36. In reply to the Ombudsman's question concerning the progress of the proposed adoption of common administrative procedures for aircraft maintenance licences for aircraft other than aeroplanes or helicopters, EASA explained that the Commission and the Member States had discussed EASA's opinion during a meeting of the EASA Committee on 29 and 30 April 2010. On the basis of the discussions, it was agreed that the Commission would submit a new legislative proposal to be debated during an EASA Committee meeting which was to be held in October 2010.

37. In his observations, the complainant submitted that the central question was whether a national licence could be considered to constitute the equivalent of a Part 66 licence and could, therefore, be converted into such a licence without further examination. Noting that EASA had answered this question in the negative, he objected to EASA's view. In support of his position, he proceeded to quote Article 66.A.70(a) of Part 66, which reads as follows:

"66.A.70 Conversion provisions

(a) The holder of a certifying staff qualification valid in a Member State, prior to the date of entry into force of this Part shall be issued an aircraft maintenance licence without further examination subject to the conditions specified in 66.B.300."
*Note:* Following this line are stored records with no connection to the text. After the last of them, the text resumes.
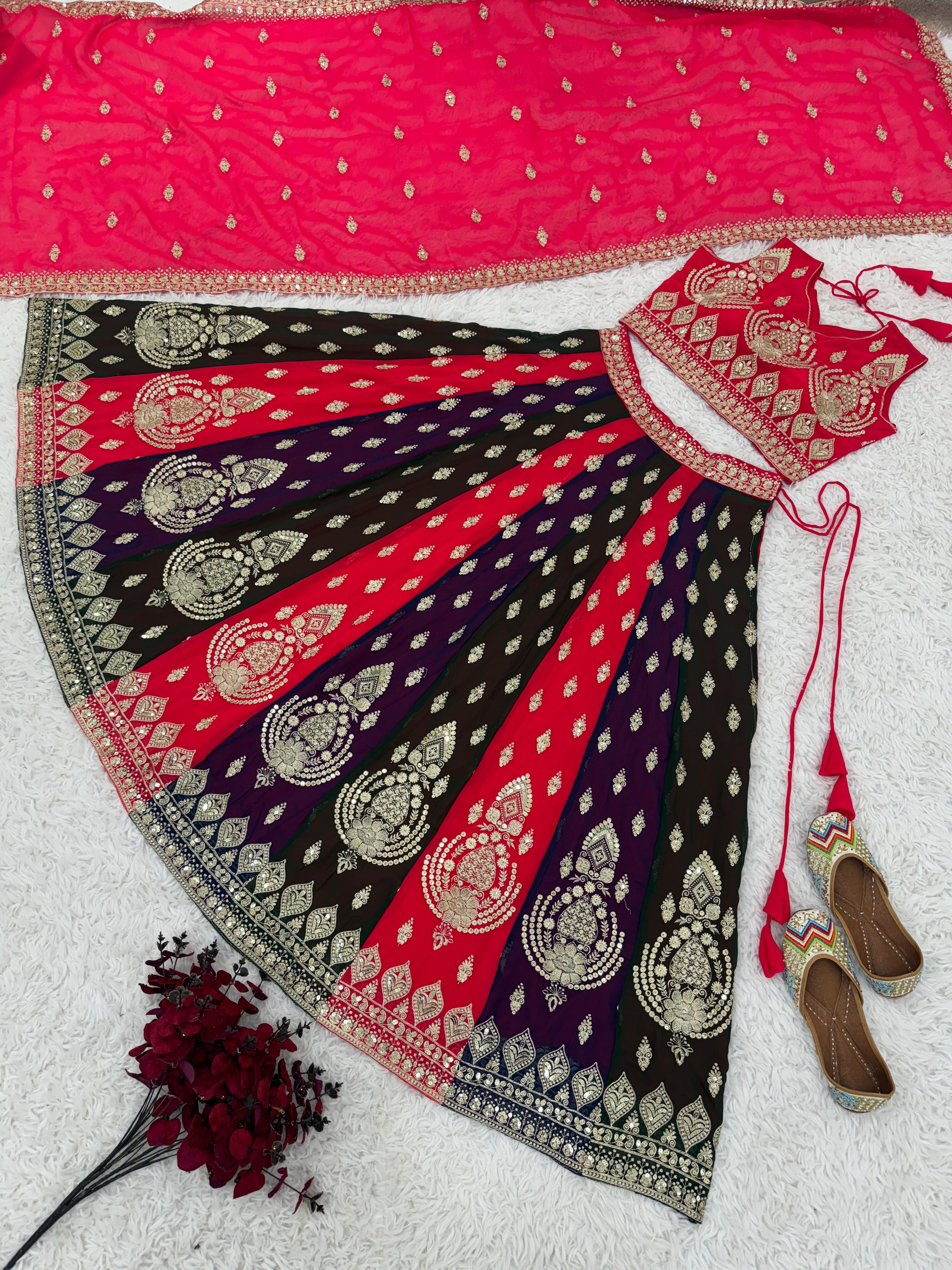 Occasion wear Heavy Work Multi With Red Color Lehenga Choli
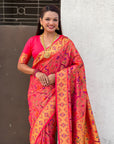 Pink Luxury Original Brocade Paithani Tissue Saree with Traditional Motifs  Meenakari Pallu Jaal Zari Woven Saree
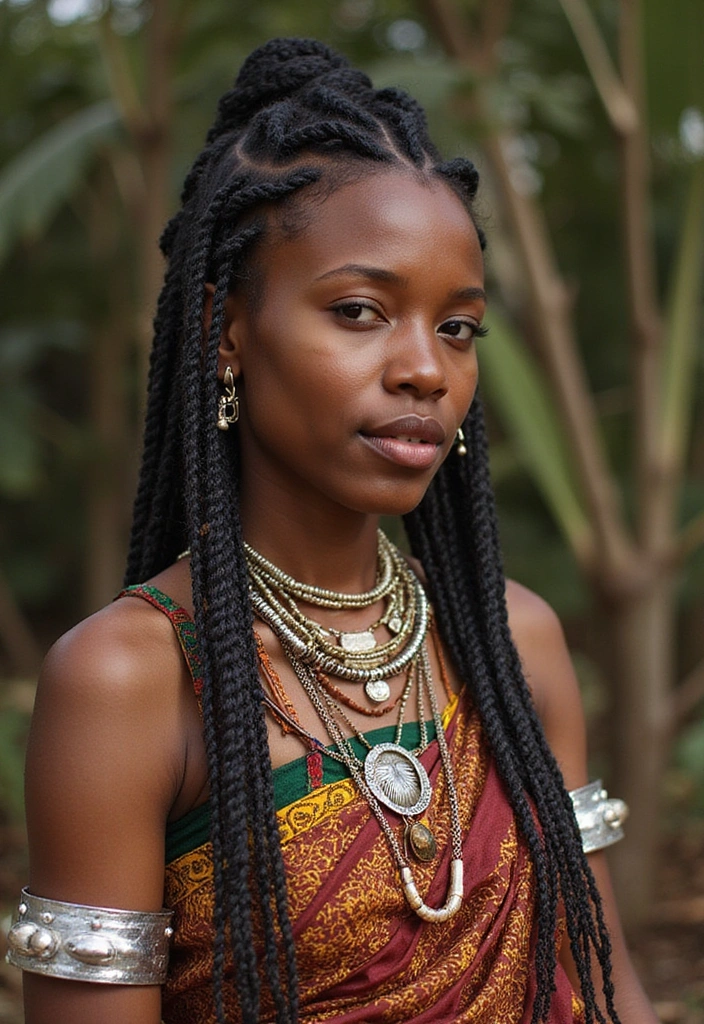 A portrait of a woman with long, braided hair styled in a half-updo, adorned with intricate silver jewelry, wearing a vibrant traditional outfit against a natural background.
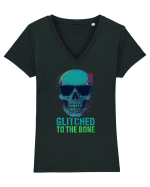 Glitched to the Bone Skull Tricou mânecă scurtă guler V Damă Evoker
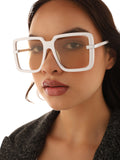 Tinted Lens White Frame Oversized Sunglass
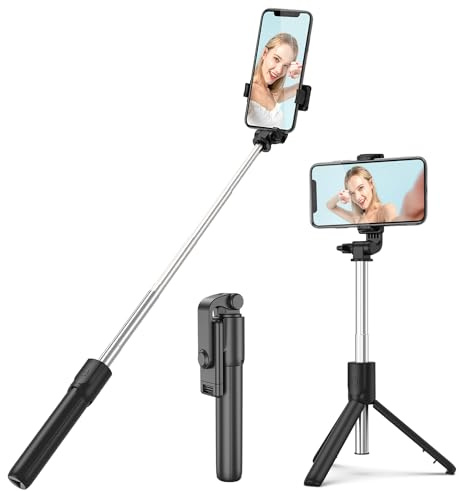 H.May Selfie Stick, 30 inch Extendable and Portable Stable Selfie Stick Tripod with Wireless Remote Shutter Compatible with iPhone Android Smartphone for Video Recording, Photo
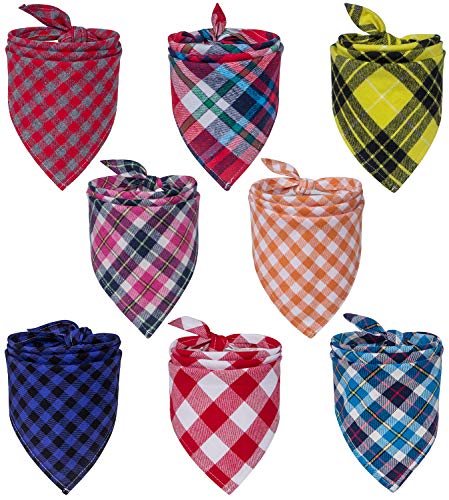 Product Cover 8 Pack Dog Bandanas & Dog Scarf, Triangle Pet Scarf Washable Reversible Plaid Printing Kerchief Neckerchief Handkerchief for Pet Dog Cat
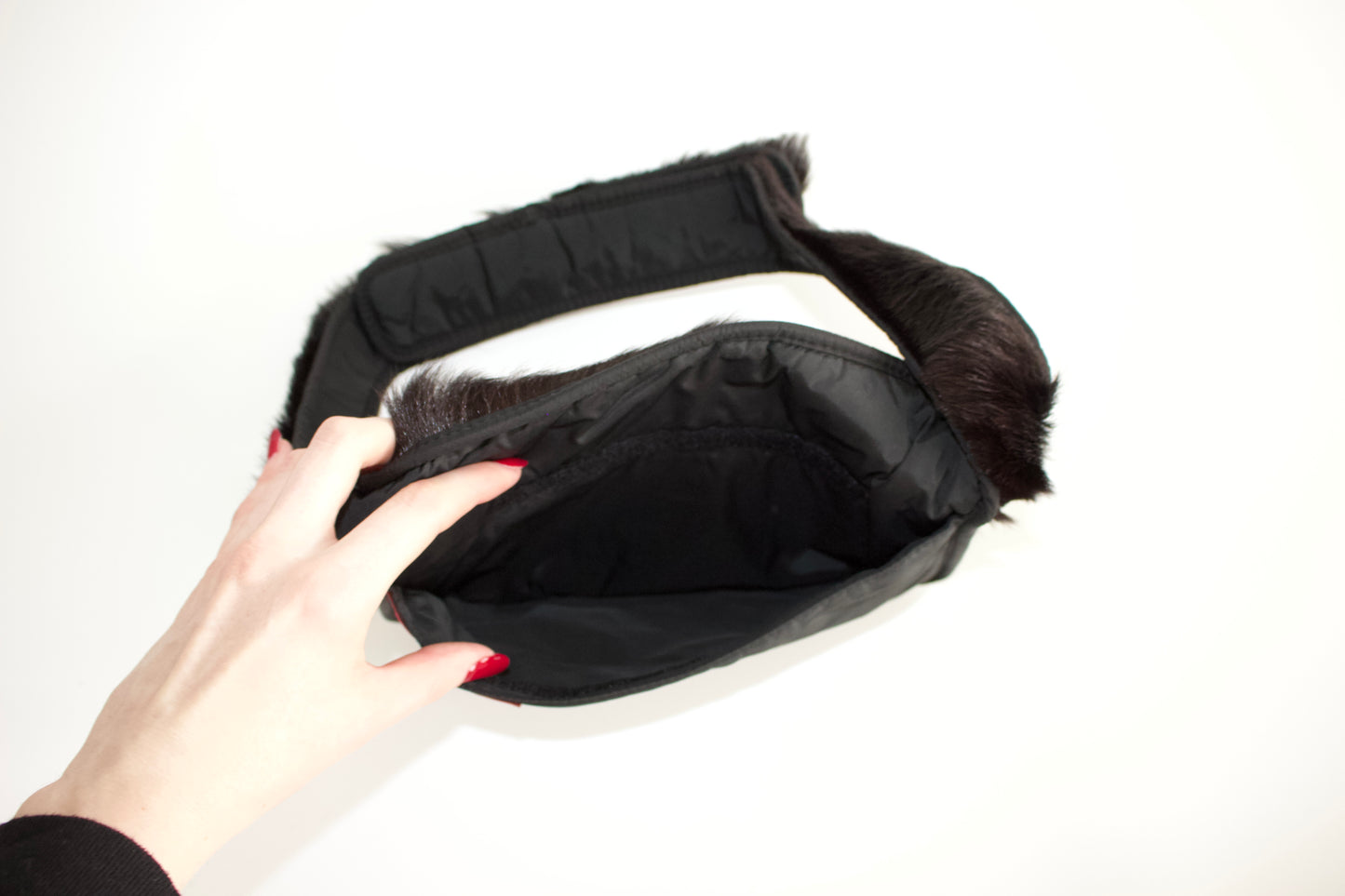 Prada FW1999 black goat fur belt bag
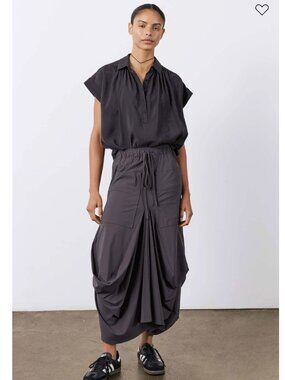 Ruti Nonchalant Oversized Voile Blouse Black Size L Minimalist Top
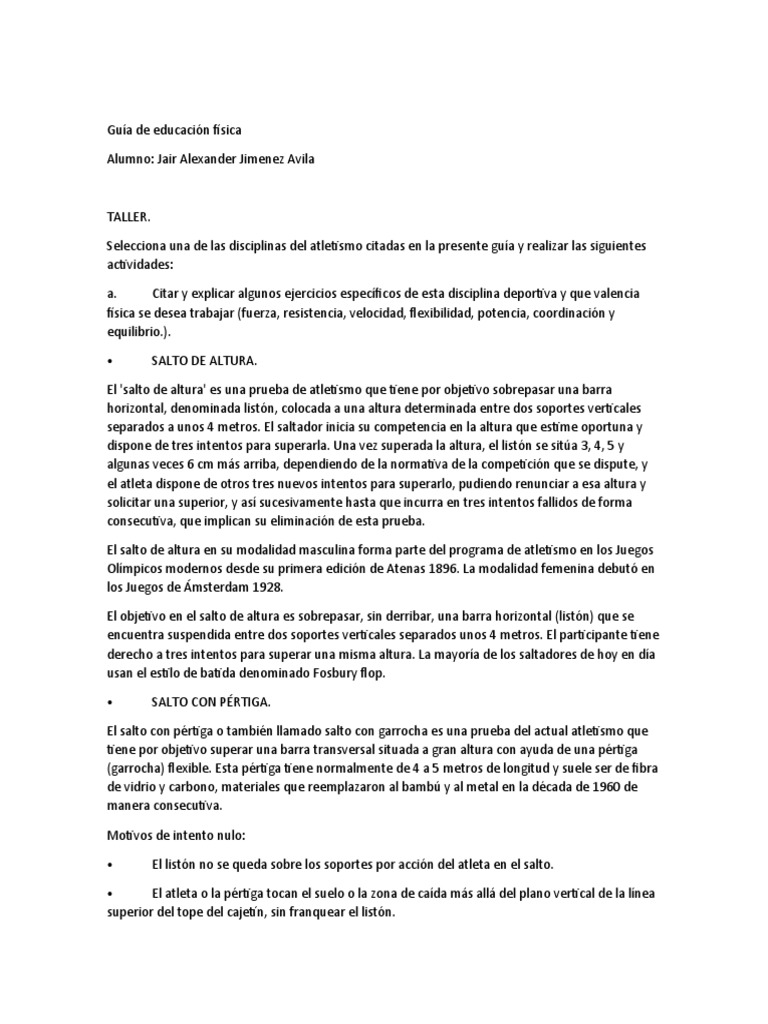 Ejercicios y disciplinas de atletismo | PDF | Deporte del atletismo ...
38. According to the complainant, the above provision gives rise to the following:

  • A national qualification could be converted into a Part 66 licence without any further examination. Such a conversion had already taken place in relation to aeroplanes and helicopters.
  • Through the conversion without further examination, EASA recognises a national qualification, which, therefore, has to be considered the equivalent of a Part 66 licence. If this were otherwise, (i) the holder of a national licence would have to pass a further examination, and (ii) EASA could not recognise maintenance performed by certifying staff who hold a national licence and who are entitled to release aircraft into service.

The fact that it was not possible, for the time being, to convert a national licence (in relation to aircraft other than aeroplanes and helicopters) into a Part 66 licence should not be to the detriment of holders of a national licence.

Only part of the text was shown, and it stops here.